When the first trailer for Fantastic Beasts: The Crimes of Grindelwald dropped, fans were divided over whether Albus Dumbledore (Jude Law) mispronounced Gellert Grindelwald's name to sound like Grindel-vald instead of Grindel-wald. Stephen Colbert got right down to it on The Late Show Monday, asking, "In the first movies, they called him 'Grindel-wald.' What's the deal?"
"It's a very good question," said Law, whose character did not appear in Fantastic Beasts and Where to Find Them. "I dive straight in calling him Grindel-vald, assuming—because I had this very good friendship with him—that I got it right. Eddie Redmayne—who plays, obviously, the great Newt Scamander—pointed it out halfway through the film. He said, 'I don't call him that; I call him Grindel-wald.' But it was too late [to do anything]. I think it's because Albus knows him well. At some point, Gellert said, 'Uh, can you please call me Grindel-vald?' I'm sticking to that."
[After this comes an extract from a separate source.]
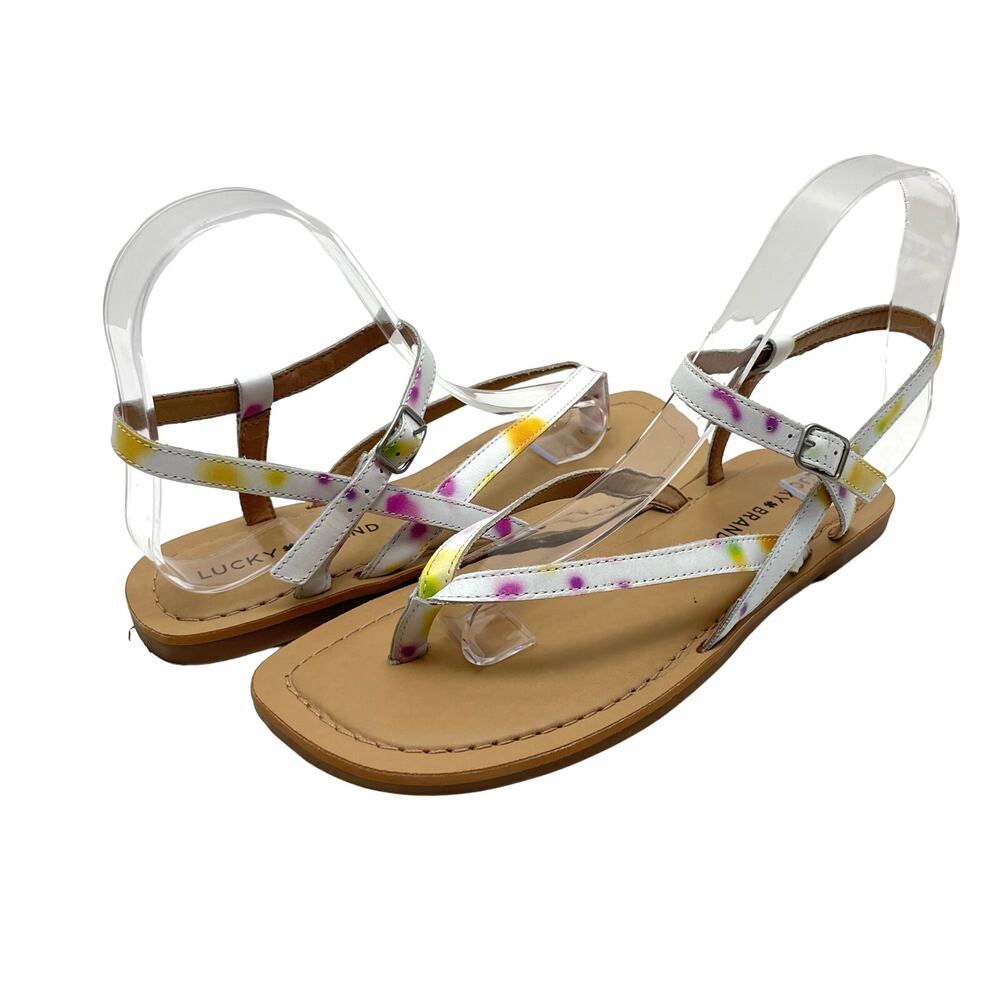 Lucky Brand Bylee White Faux Leather Vacation Summer Beachy Thong Flat Sandals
Law should have asked J.K. Rowling, as she created the character. After all, she blew fans' minds when she revealed in 2015 that most people had been saying Voldemort's name wrong. He-Who-Must-Not-Be-Named (Ralph Fiennes) pronounced it "Grindel-vald" in 2010's Harry Potter and the Deathly Hallows – Part 1, making it likely Redmayne has been saying it wrong.
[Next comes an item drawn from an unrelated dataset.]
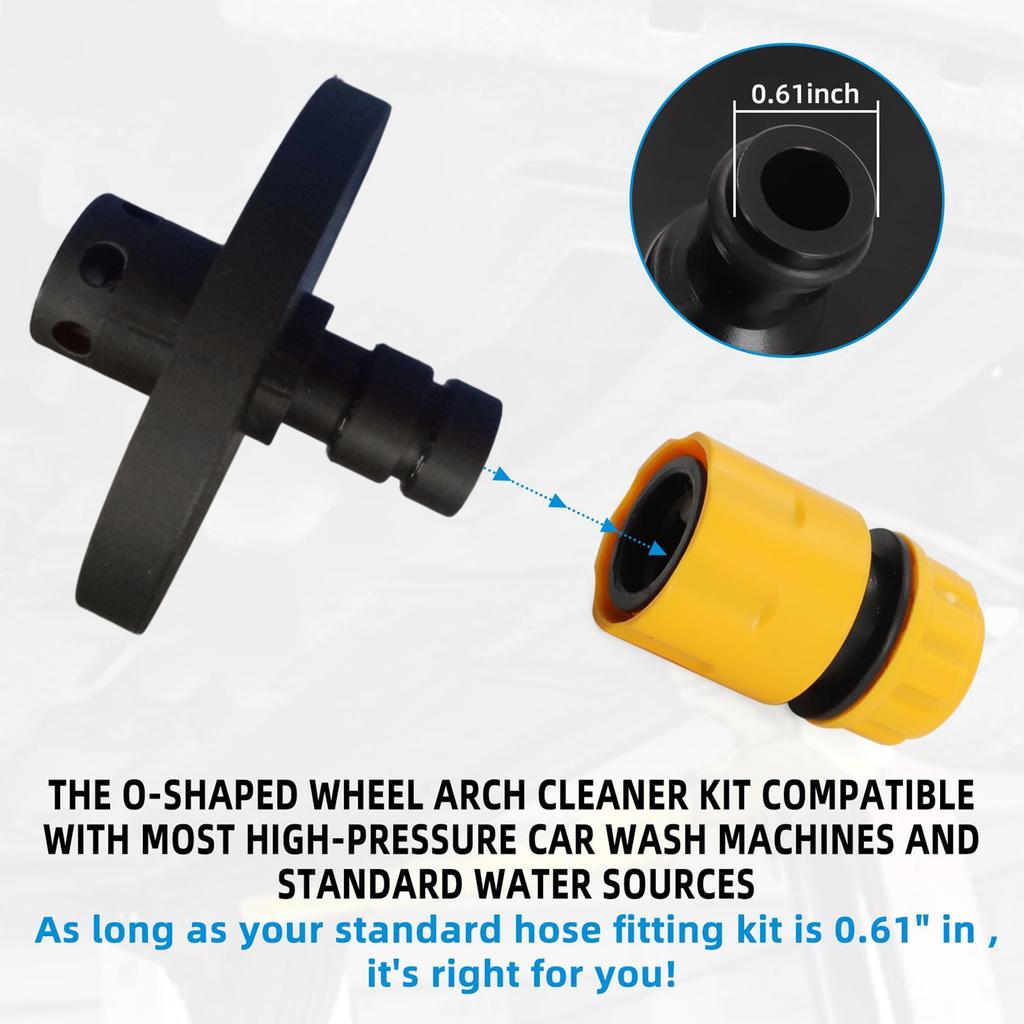Schnellanschluss Fahrzeugunterbodenwaschset Unterbodenreiniger Spülset Radkastenreiniger für Auto SUV Straße Hochdruckreiniger Garten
After he was cast in Warner Bros.' fantasy film, the 45-year-old actor told Colbert, "I went to her immediately. As soon as I got the part, I thought, 'I've got this responsibility to all these fans of this wizarding world.' Also, I really wanted to meet J.K. Rowling! It seemed like a pretty good in-road. So, yes, I spent an afternoon with her, and she told me everything [about] Albus Dumbledore. It was wonderful and insightful. And what an opportunity for an actor, you know? I had this direct route to the detailed background and inner workings of my character. It was fantastic! She's a phenomenal, formidable, smart, fun woman—really, really great company!"
Law couldn't say much else about the film (in theaters Nov. 16). Blaming the studio, he said, "They're very polite. It's always like, 'We assume you're not going to share this with anybody.'"
Albus was previously played by Michael Gambon and the late Richard Harris in the Harry Potter film series, which served as a springboard for Law. "I realize I'm in a rare position where I'm playing a character who's already been played in his old age; that doesn't often happen," he said. "But because of that, I get to sort of layer up all these complexities and inner dramas and turmoils and personal tragedies, even. I'm not giving anything away, am I? No, I'm not. We get to unpack all of that in detail now that we're back in the 1920s. So, it's a good position to be in."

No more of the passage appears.